Species of crustacean

Uromunna sheltoni is a species of isopod first described by Brian Kensley in 1977. U. sheltoni is included in the genus Uromunna and family Munnidae. No subspecies are listed. The species was first collected by Peter Shelton of the University of Cape Town, for whom it is named.

== Description ==
Males are 1.2 mm, and ovigerous females are 1.6 mm in total length. The antennule has a single terminal aesthetasc. The mandible lacks palpi; the incisor has four cusps and a spine-row of three or four spines; the molar is stout and distally truncated.
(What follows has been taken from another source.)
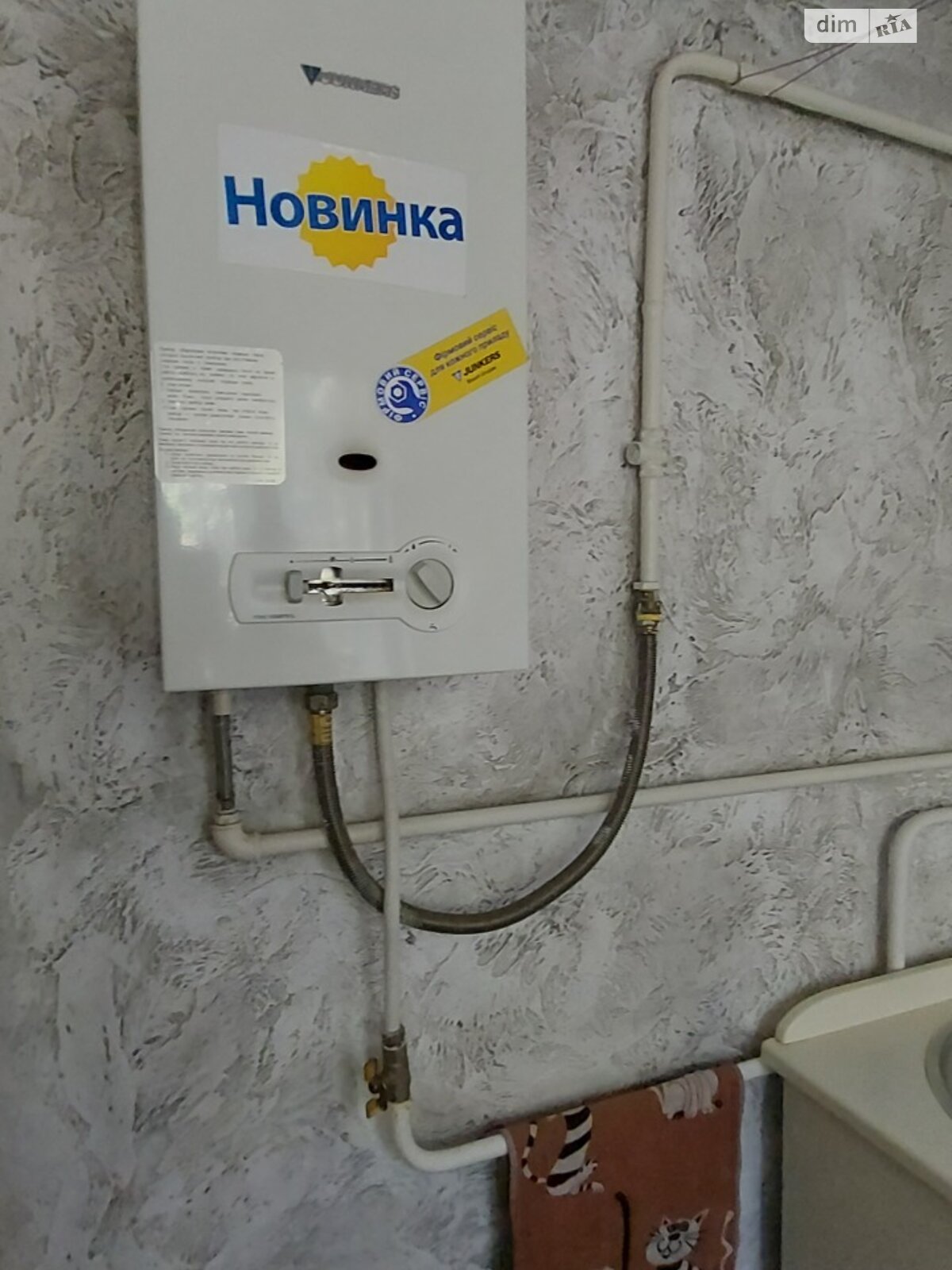 Продаж двокімнатної квартири в Миколаєві, на вул. Віталія Бохонка 22, район Інгульський фото 1 Продаж двокімнатної квартири в Миколаєві, на вул. Віталія Бохонка 22, район Інгульський фото 1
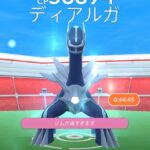 【ポケモンGO】「ポケストをジムに昇格させる優先度」は画像数といいね数の総数？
The pereon dorsally lacks setae.

U. sheltoni closely resembles Munna lundae from southern Chile, but differs in having a relatively broader pereon and pleotelson. Differences also exist in the spination and shape of the apex of the male first pleopod, the relative lengths of the antennular segments, and the shape and spination of the pereiopods. The colour pattern, especially the distinctive cruciform pigmentation of the pleotelson, makes this species easily recognisable.

==Distribution==
U. sheltoni is found in estuaries in South Africa and is part of a diverse epifauna associated with the macroalgae, including several dipterans, gastropods, isopods, and amphipods. U. sheltoni has been recorded at: Sandvlei Estuary, False Bay, Western Cape, on ruppia weed in water of 9‰ salinity; Kosi Lake complex (Kwa-Zulu Natal), on Potamogeton weed; and Lake Sibhayi (KwaZulu-Natal) on submerged vegetation.